The stage is black. Idle chatter from the audience immediately dies down as an eerie organ solo begins, a haunting tone promptly established. Two men gradually appear on opposite ends of the stage, as deep bass begins to describe the tale of a certain ominous barber. After a couple of lines, the stage is suddenly flooded with white light, illuminating a row of ghostly silhouettes. Perhaps even more ghostly, though, is the immediate onslaught of music, jarring harmonies demanding the audience do one thing and one thing only: attend the tale of Sweeney Todd.

So begins Olney Theatre Center's production of Stephen Sondheim's Tony award-winning musical, Sweeney Todd: The Demon Barber of Fleet Street. Led by director Jason Loewith, Sondheim's classic horror about a murderous barber and his morally repugnant accomplice carved out a solid place on the Olney Theatre's mainstage. With an incredibly talented cast fronted by Olney newcomers David Benoit and E. Faye Butler as Sweeney Todd and Mrs. Lovett, respectively, the production proved to be a well-earned success.

While each member of the cast managed to produce quality performances, two main actors definitely stood out. The first, perhaps unsurprisingly, was Butler in her role as Mrs. Lovett. Butler not only brought the vivaciousness typically expected of Mrs. Lovett to life, but also managed to make the character entirely her own through an incredibly sassy and sharp-witted personality. Unlike with her murder-driven counterpart, it was hard to find any true fault in anything Butler's Lovett did, even when she hatched up the idea to fill her failing meat pies with actual human flesh.

The other, more surprising standout was Michael J. Mainwaring as Tobias. Mainwaring's use of quirky and childish body movements to embody the role of the young boy was particularly amusing to watch, especially during his first solo in "Pirelli's Miracle Elixir." His shining moment occurred during the heartfelt promise of "Not While I'm Around," his impressively strong tenor clearly carrying the duet between himself and Butler.

Perhaps even more impressive than the individual performers was how well the ensemble worked together. Each and every movement was in sync and deliberate, with not a single step out of place. The intensity of the choir was oftentimes more moving than the individually sung lines, particularly because it highlighted the extreme dissonance in which Sondheim's music thrives. In some ways, the opening and ending songs of the show, each entitled "The Ballad of Sweeney Todd," were the most spectacular, paying tribute to an ensemble whose combined vocal talent was absolutely breathtaking.
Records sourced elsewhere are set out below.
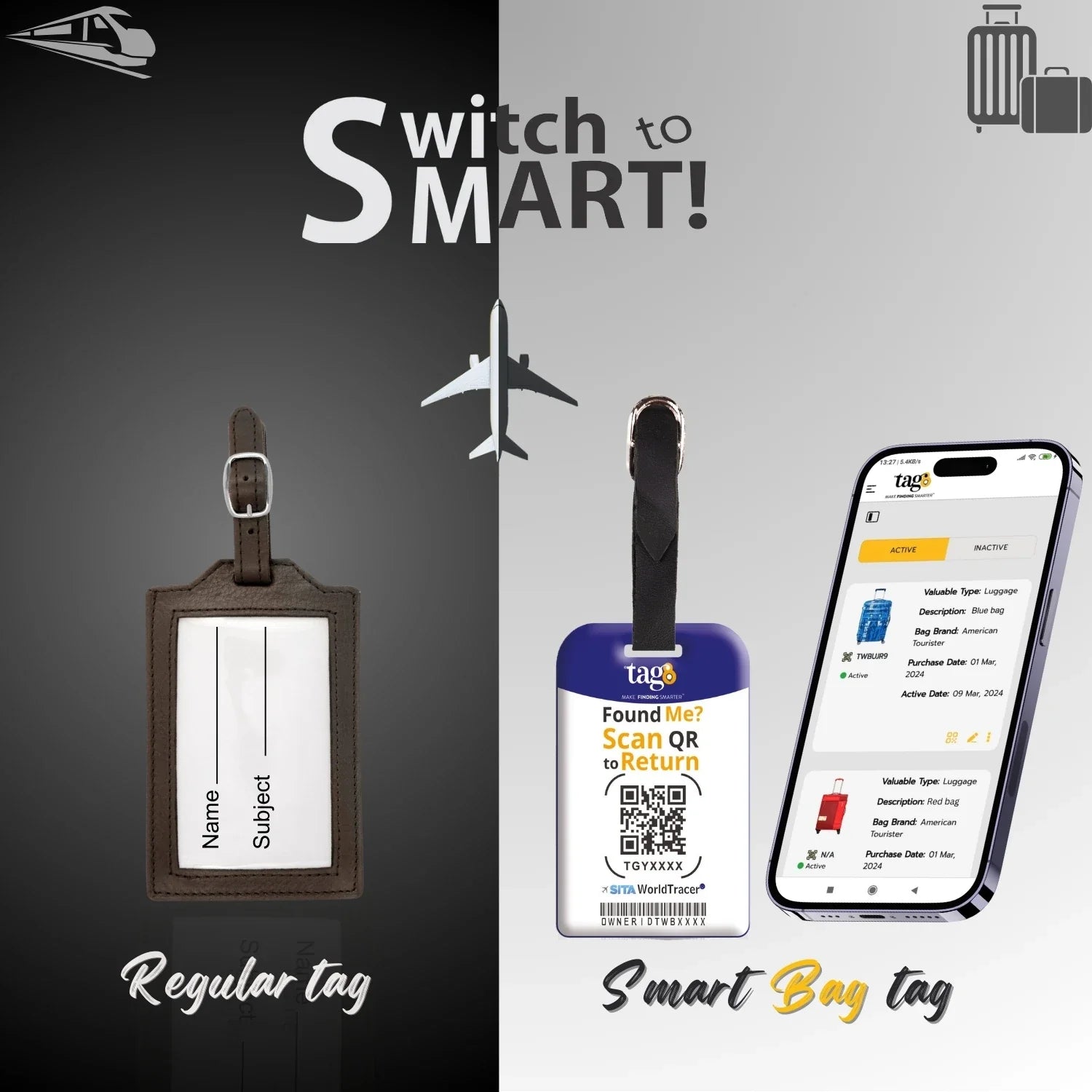 Croatia QR Bag Tag by tag8 for secure travel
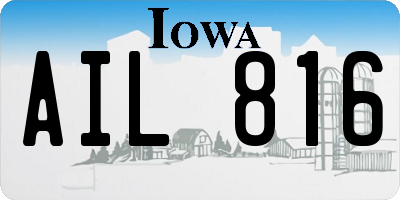 IA license plate AIL816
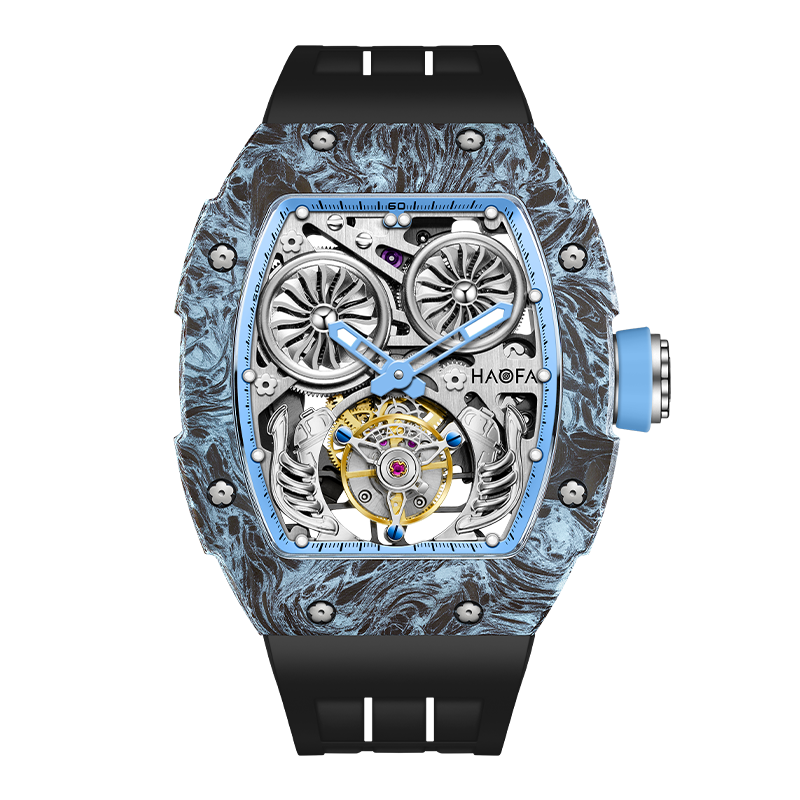 HAOFA Automatic Tourbillon double barrels Movement 72 hours power NTPT(carbon fiber）bezel  Titanium magnesium case 1922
This is not to say the show was perfect. Although there were multiple stellar moments in the show, as a whole the production failed to truly entrap viewers in its story. On several occasions, the intensity of a moment seemed to build and grow, yet never fully hit the point of emotional release. The performers were so focused on the complexity of the music; hitting all the right notes and rhythms required by Sondheim is no easy feat, and it would make sense the actual acting would take a hit when performers are so invested in the music. Another reason could be the literal length of the show. With the show itself tapping out at roughly three hours, taking the time to fully experience a moment might have been sacrificed in order to shorten the run time. It's a minor yet important critique, and when discussing the musical with my guest, I felt he put it best: The story was logically intense, but we as audience members didn't really feel the intensity.

Sweeney Todd: The Demon Barber of Fleet Street is playing at the Olney Theater Center's mainstage until March 5. Tickets start at $38 and can be purchased at olneytheatre.org.